Every line below that contains "Women" is to be copied.

### Data to examine
● ● ● ●

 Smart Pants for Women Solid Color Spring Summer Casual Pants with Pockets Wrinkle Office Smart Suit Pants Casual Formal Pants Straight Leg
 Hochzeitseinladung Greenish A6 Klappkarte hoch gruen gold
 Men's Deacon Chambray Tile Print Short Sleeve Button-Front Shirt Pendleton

● ● ● ●

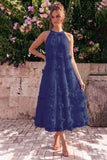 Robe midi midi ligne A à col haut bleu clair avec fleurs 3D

● ● ● ●

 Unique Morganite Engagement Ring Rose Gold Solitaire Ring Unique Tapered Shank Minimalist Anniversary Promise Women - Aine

● ● ● ●

### Answer box
 Smart Pants for Women Solid Color Spring Summer Casual Pants with Pockets Wrinkle Office Smart Suit Pants Casual Formal Pants Straight Leg
 Unique Morganite Engagement Ring Rose Gold Solitaire Ring Unique Tapered Shank Minimalist Anniversary Promise Women - Aine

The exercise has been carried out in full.